| What is needed |
Copy nothing but the lines running from the one containing "Her Snuggle Loppi" through the end of the listing below. Drop the pictures.

*** Opening of Supplied material ***

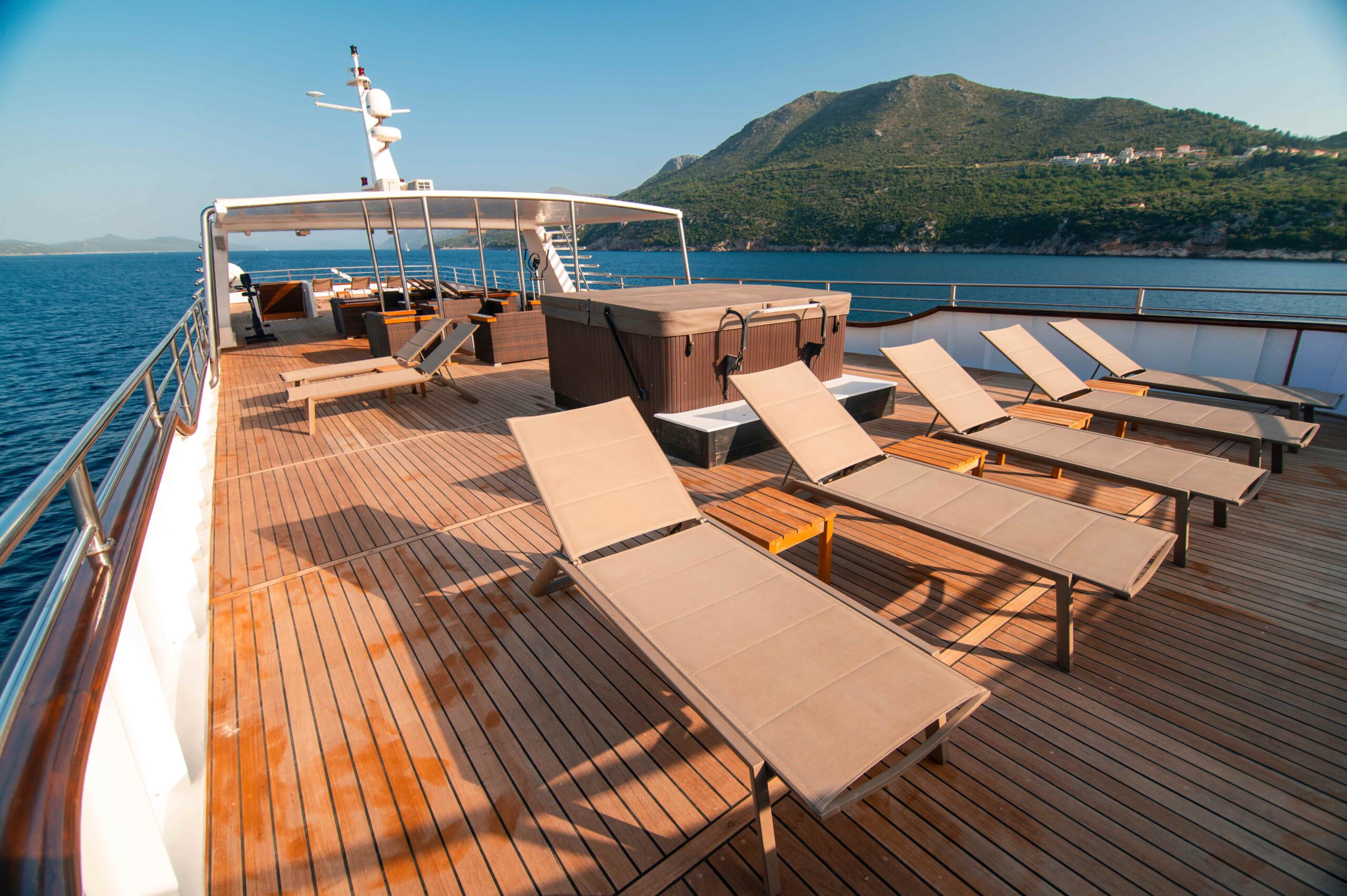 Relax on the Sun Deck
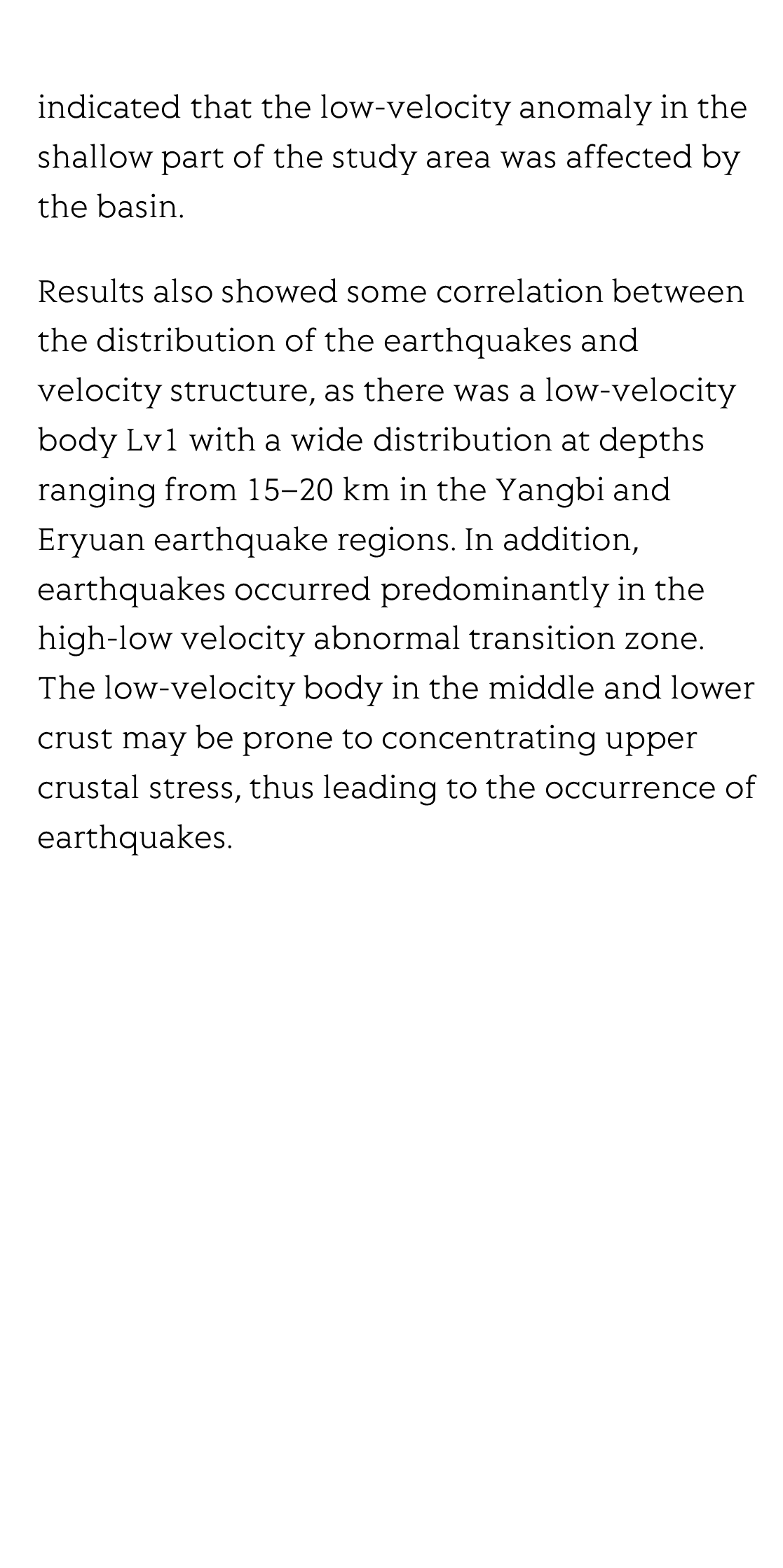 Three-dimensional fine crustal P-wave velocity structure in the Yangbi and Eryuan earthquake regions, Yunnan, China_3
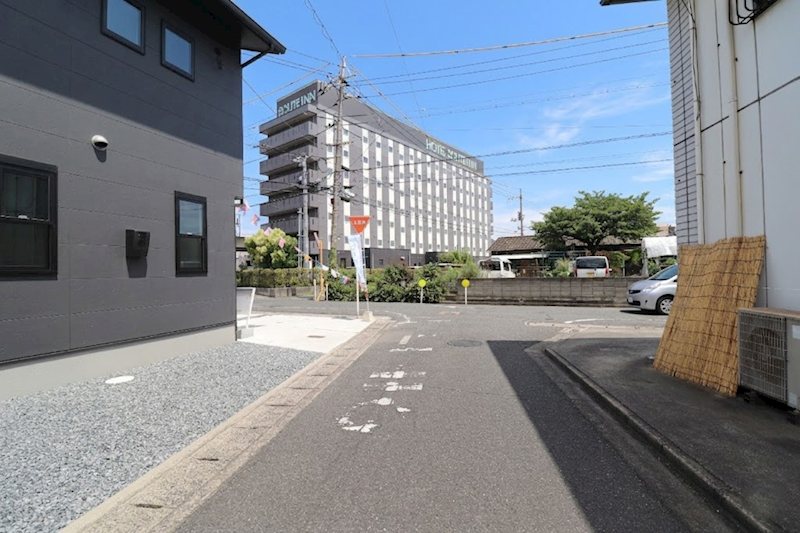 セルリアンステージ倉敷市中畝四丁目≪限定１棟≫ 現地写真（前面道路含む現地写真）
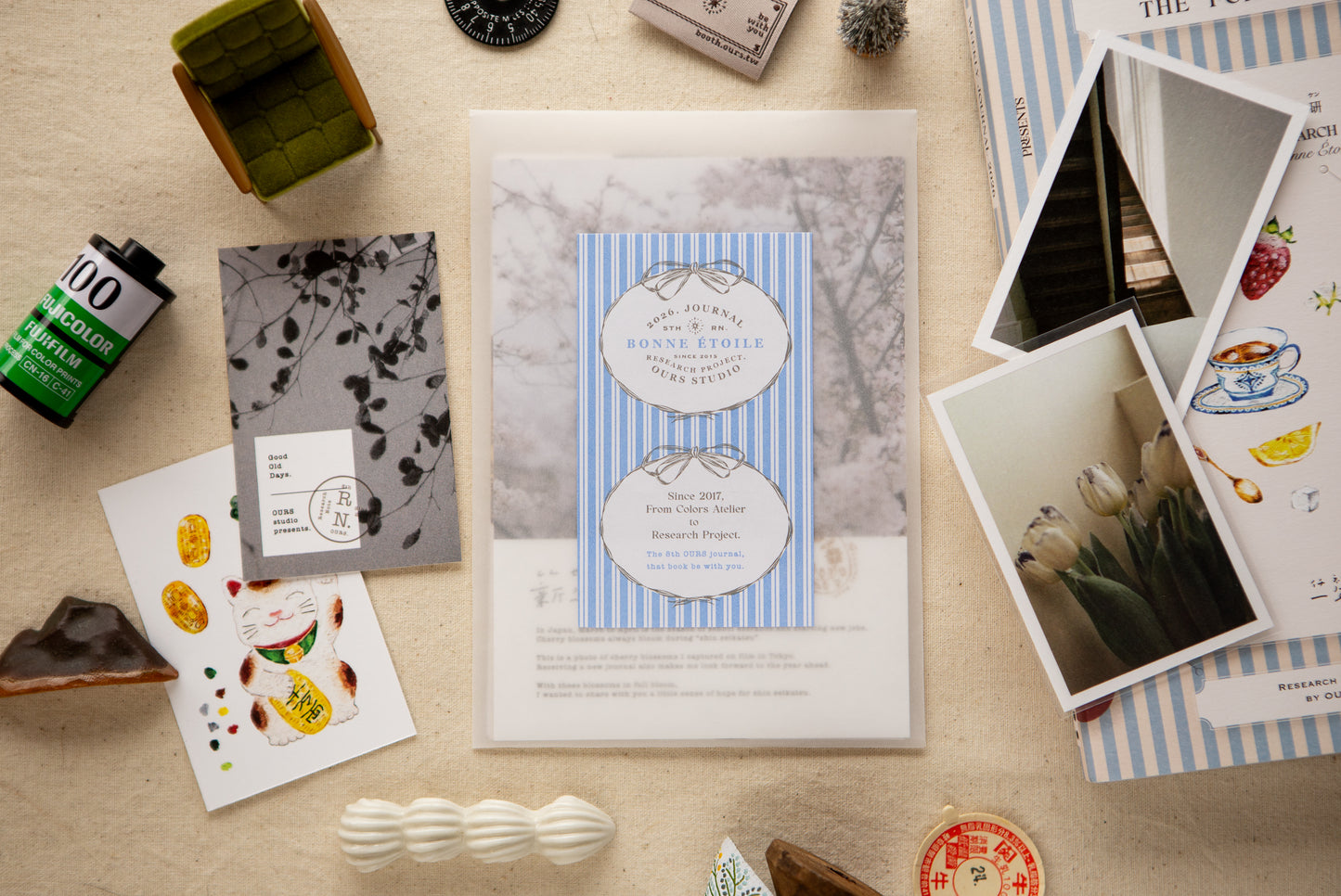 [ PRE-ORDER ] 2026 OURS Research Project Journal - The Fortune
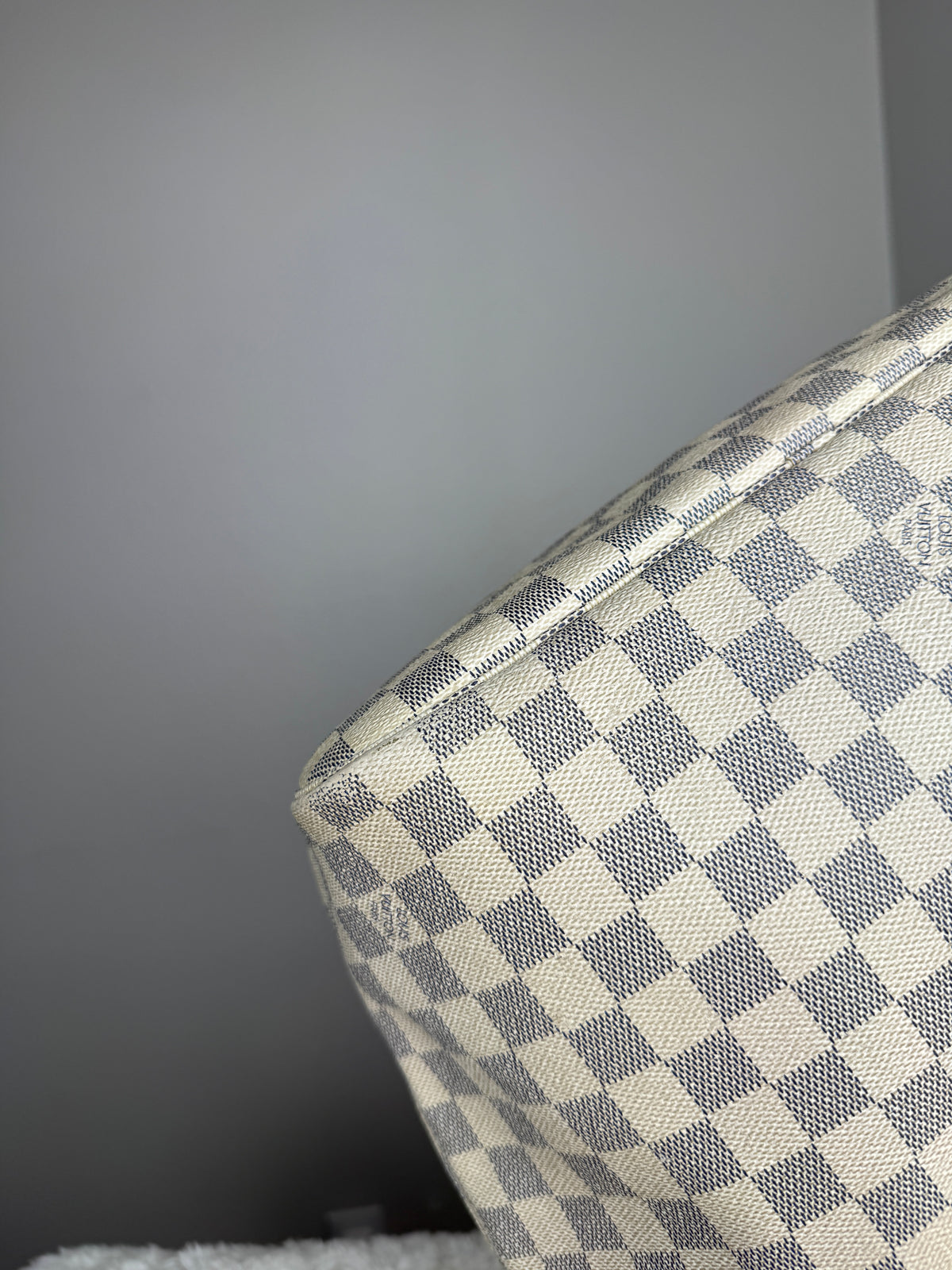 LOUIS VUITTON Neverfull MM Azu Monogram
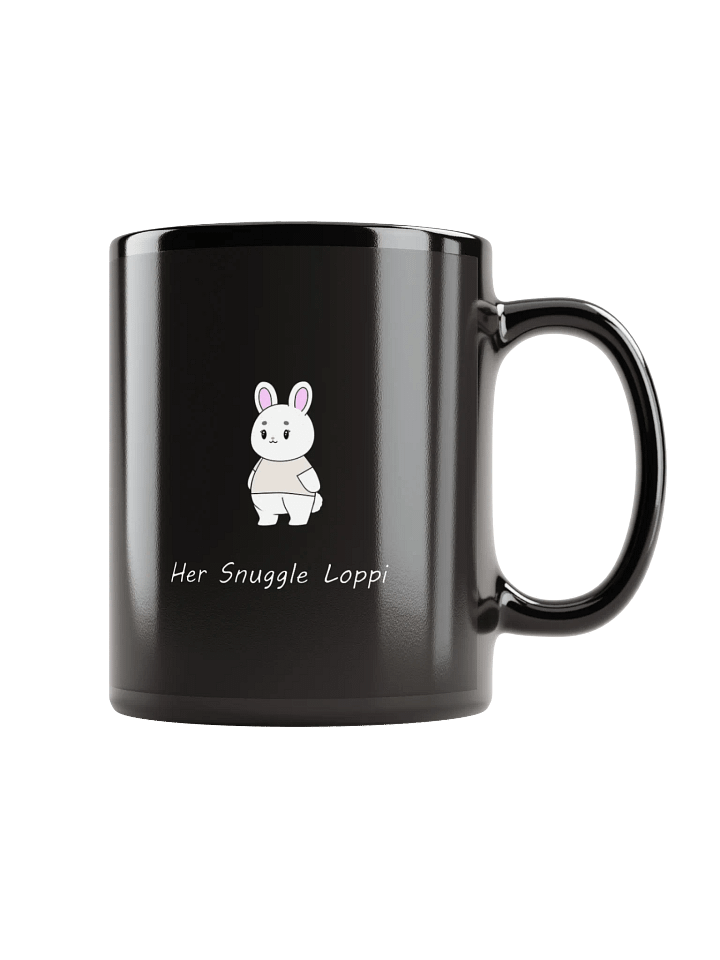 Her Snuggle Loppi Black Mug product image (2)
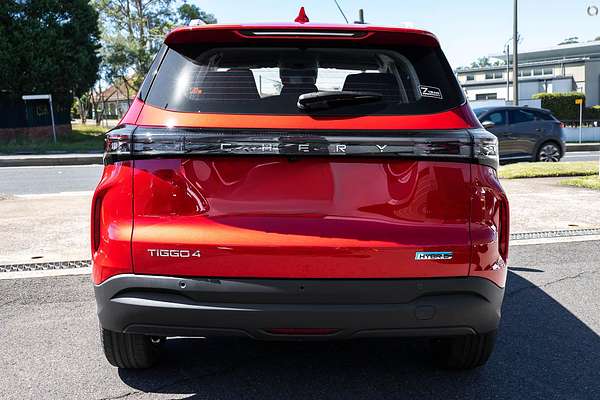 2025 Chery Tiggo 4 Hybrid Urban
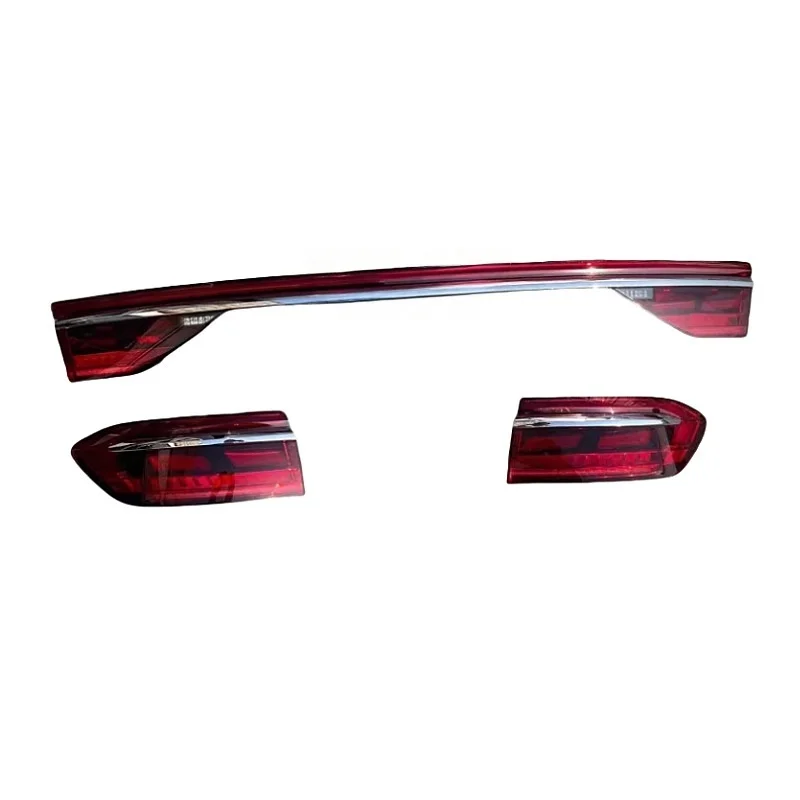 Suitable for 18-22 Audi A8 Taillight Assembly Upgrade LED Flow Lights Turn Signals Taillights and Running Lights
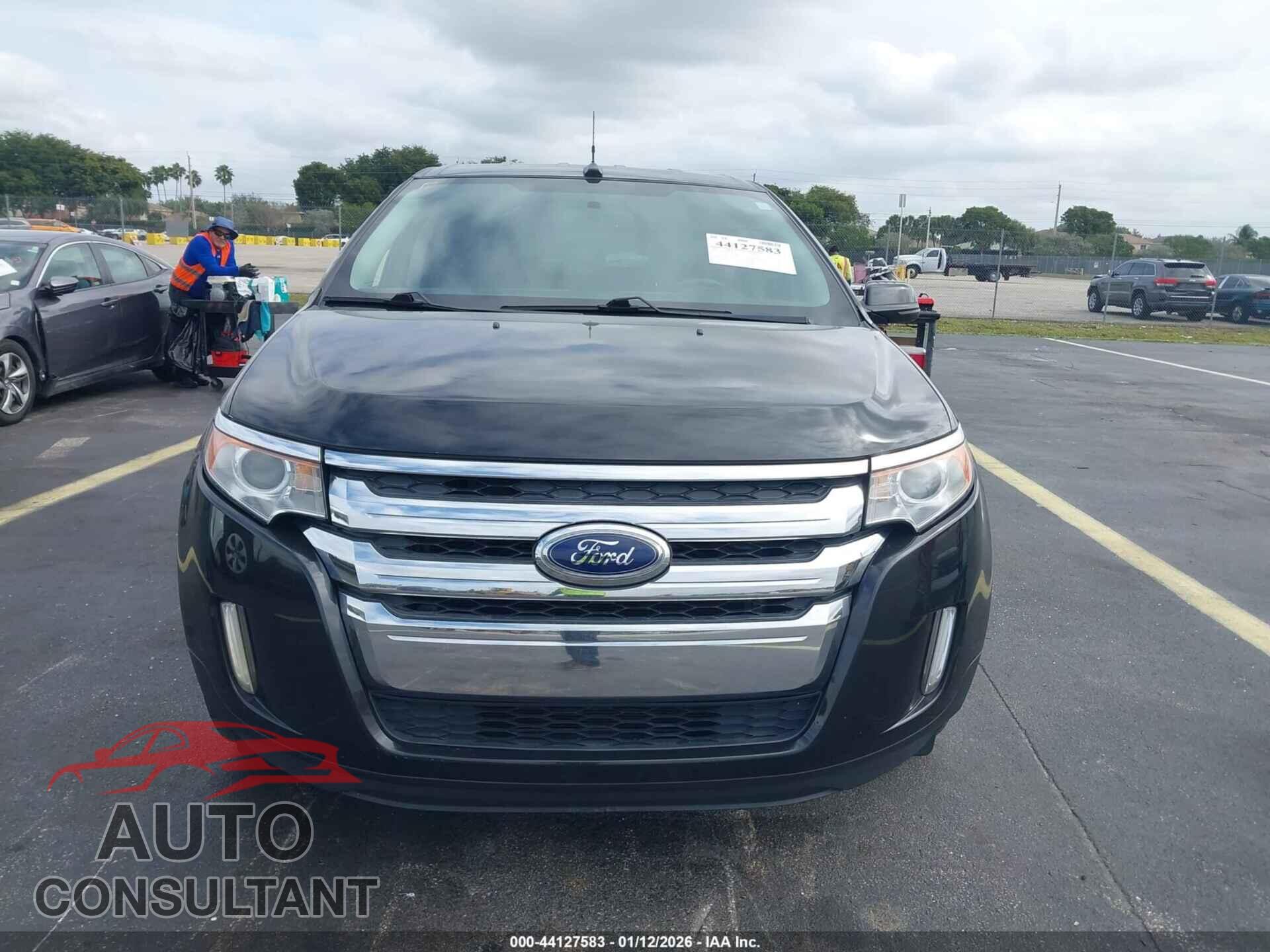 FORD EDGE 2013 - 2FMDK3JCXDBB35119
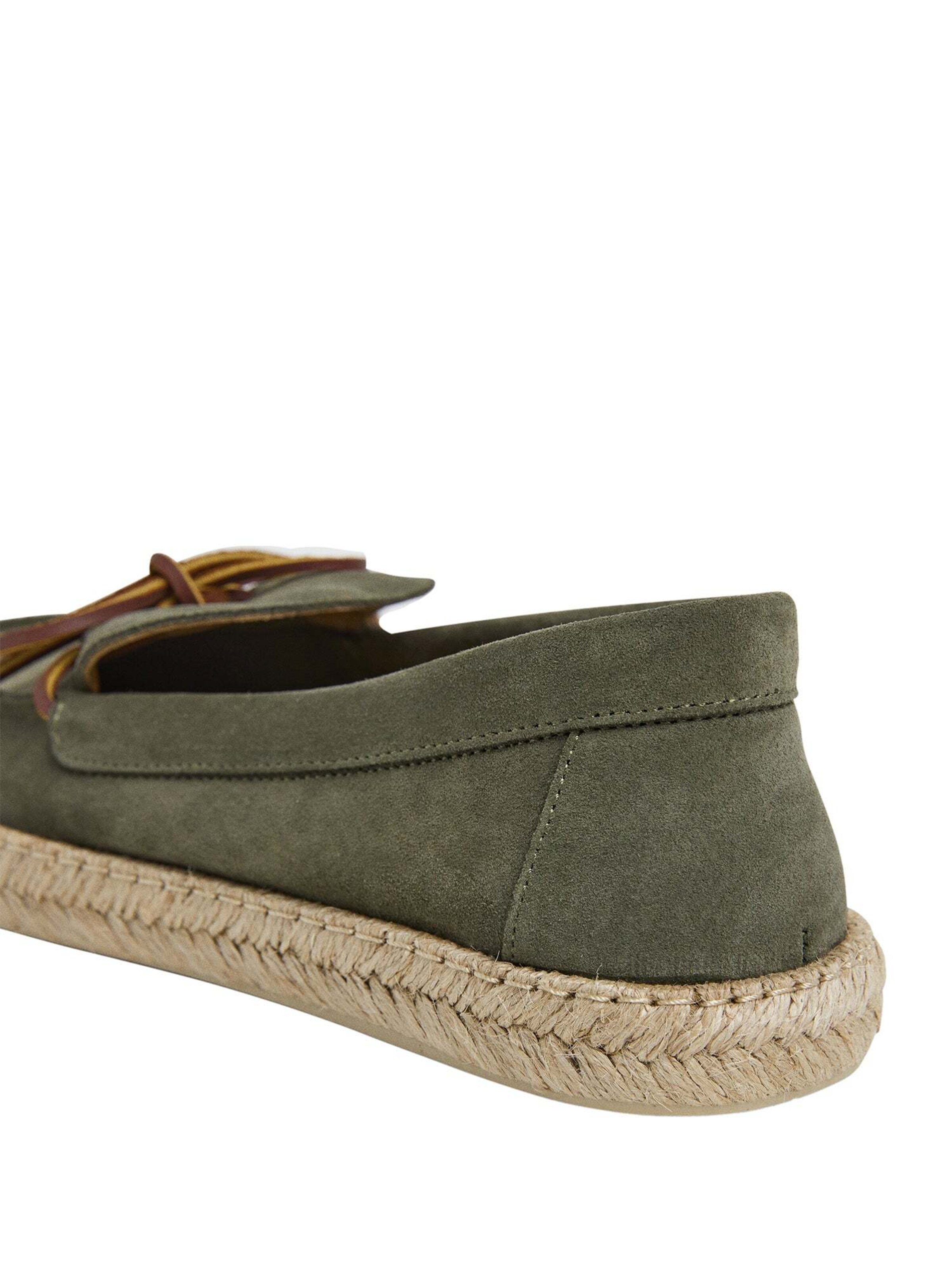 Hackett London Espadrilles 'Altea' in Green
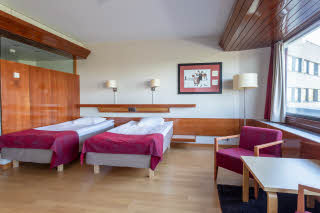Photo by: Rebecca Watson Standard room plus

*** Close of Supplied material ***

| Solution to this exercise |
 Her Snuggle Loppi Black Mug product image (2)
 2025 Chery Tiggo 4 Hybrid Urban
 Suitable for 18-22 Audi A8 Taillight Assembly Upgrade LED Flow Lights Turn Signals Taillights and Running Lights
 FORD EDGE 2013 - 2FMDK3JCXDBB35119
 Hackett London Espadrilles 'Altea' in Green
Photo by: Rebecca Watson Standard room plus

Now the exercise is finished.